The show-stealer here is Frank (Joseph Mariano) adapting a complex lisp and overall nerdy and nervous disposition to his character; creating a caricature of paranoia and unease with grandiose gestures. Mariano makes his character heard, especially when he has to deliver the news of the pending HR visit; his overall spastic responses to being thrown under the bus for his own office indiscretions being the heightened epitome of hilarity. Equally as hilarious is Kristen (Michael Sigler) the ditzy flamboyant office girl. (Gleason’s choice to cast a man in the role but keep the gender feminine adds even further confusion and hilarity to the performance.) Sigler adapts all the familiar hallmarks of a fussy gussy office girl and makes his character rival Mariano’s in the fight for attention.
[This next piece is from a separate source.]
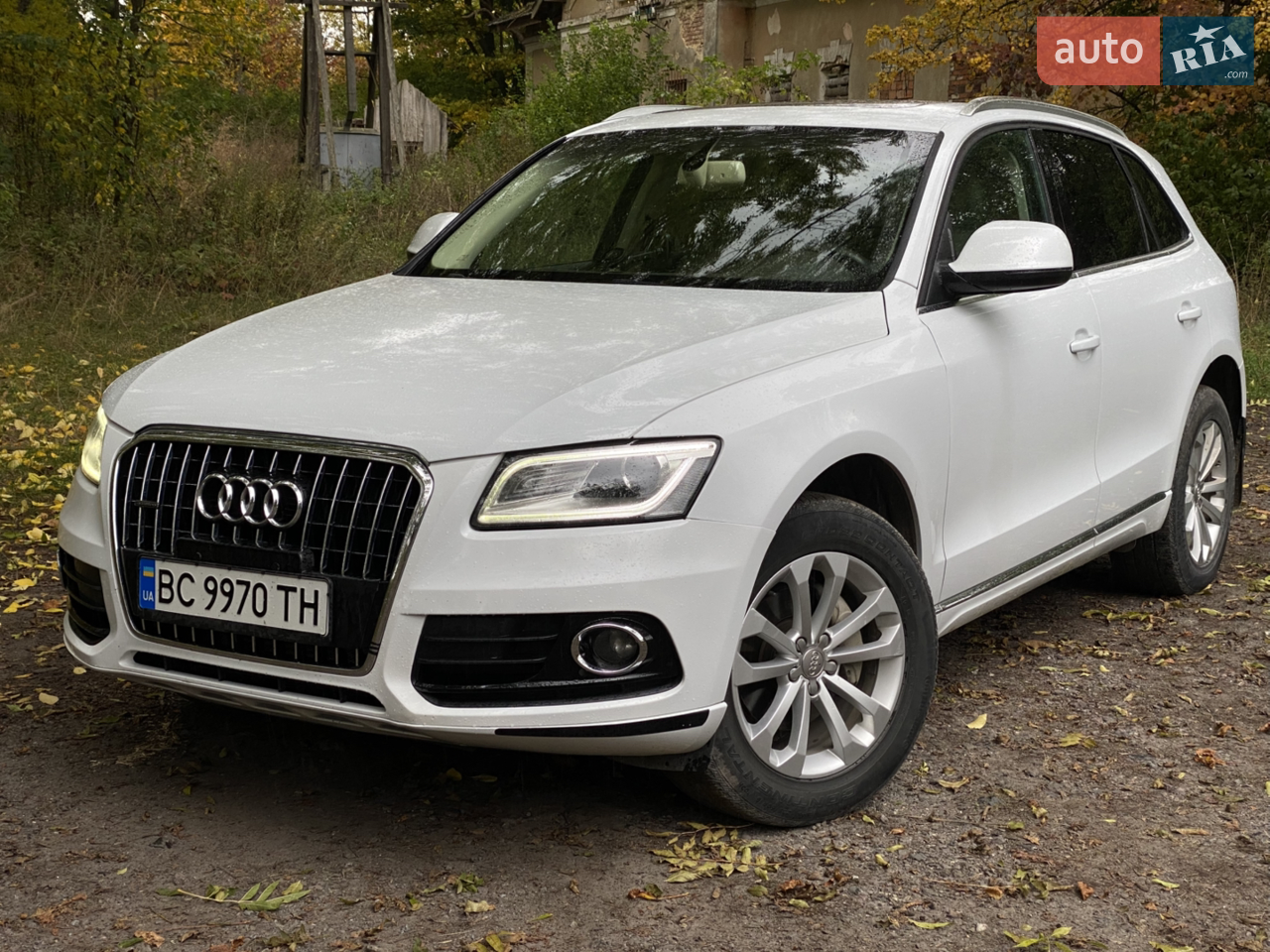 2015 Audi Q5 - мініатюра 43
Both Chip (Brian Galvez) and Margaret (Yvonne Paretzky) get their moments to shine as well as the office erupts into utter pell-mell insanity, but for fear of giving away some of the funniest moments of the play, it shall simply be said that both Galvez and Paretzky have a way of sliding into the radar of the audience’s direct notice.
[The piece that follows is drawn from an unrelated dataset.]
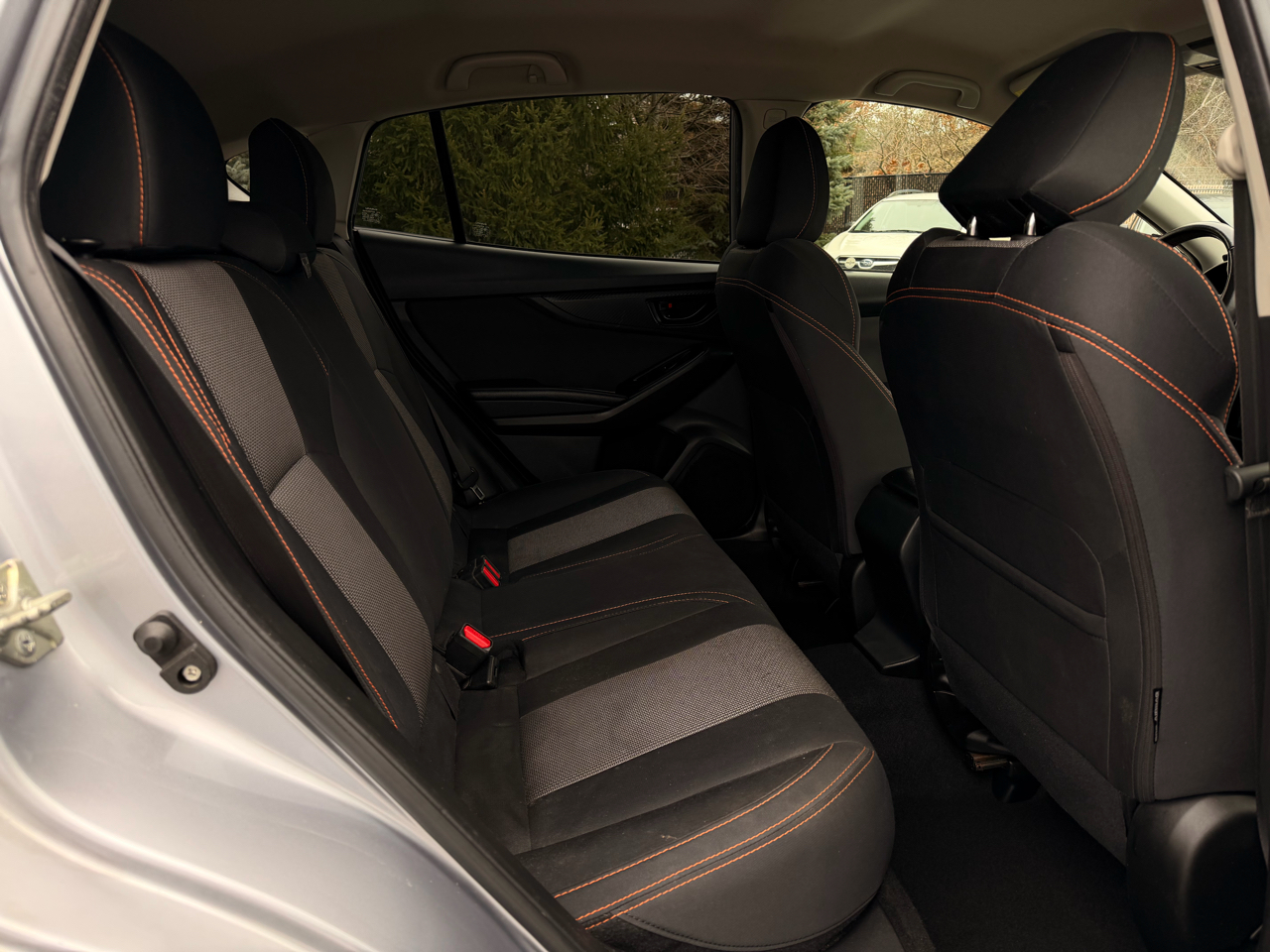 Subaru Crosstrek 2.0i Premium CVT 2021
Written and Directed by Frances A. Lewis, this one-act has the potential to be developed into a full-length feature play. A great deal of potential lies in wait within the plot and character development of the show, which revolves around Evie (Debi Preston) her wound care nurse Jennifer (Stephanie Shade) and some unseemly behavior between her never-seen son Desmond, the handyman Conrad Goode (David Jones) and a special agent from the FBI (Matthew Datcher). Lewis has constructed brilliant irony in naming Conrad Goode as he has; making a conman sound good in his approach to swindle the little old lady. The acting is on par for the development of the story and overall it is an interesting little piece of theatre that feels slightly unfinished. By the play’s conclusion you are left curious and wondering, wanting more, and intrigued by what has happened thus far. Shade and Preston get along well on stage, having the perfect little tiffs between cranky and stubborn patient and the insistent and stringent home-visiting nurse. Overall a lovely comic gem with a good moral to the story.
Fight or Flight
Co-Written by Natalie Brunelle and Kryss Lacovaro, who also directs the piece, this show is so absurd that it’s brilliant. Super heroes. Real life conflicts. Dating troubles. Enough said. It falls to three characters, with a hilarious hanging of clouds as the scene is set high in the sky where Blurr (Jimmy Santos) can have the conversation’s upper hand by having the home-field advantage. Yet another production where telling the details of the plot will give it away entirely for its brevity, so settling for knowing that it is comic genius incarnate will simply have to do. The hormonal and moody Delay-a (Liz Fox Corrente) makes for a wild series of real-life dating-style arguments between her and Santos’ character. Add in the acrobatics of Femme Force (Ashley Byrd) for good measure and you have one entertaining one-act that will keep you laughing and rooting for the good guys, if you can just figure out who’s who.
Lacovaro and Brunelle’s writing is not only clever but concise and conceptualized in such a fashion that this could be a sitcom segment or sketch comedy segment, easily fleshed out into something further with these well constructed characters and scenes.
Group B runs opposite nights of Group A, so for a full variety try to catch both nights of shows!
Running Time: Approximately 2 hours, with one intermission.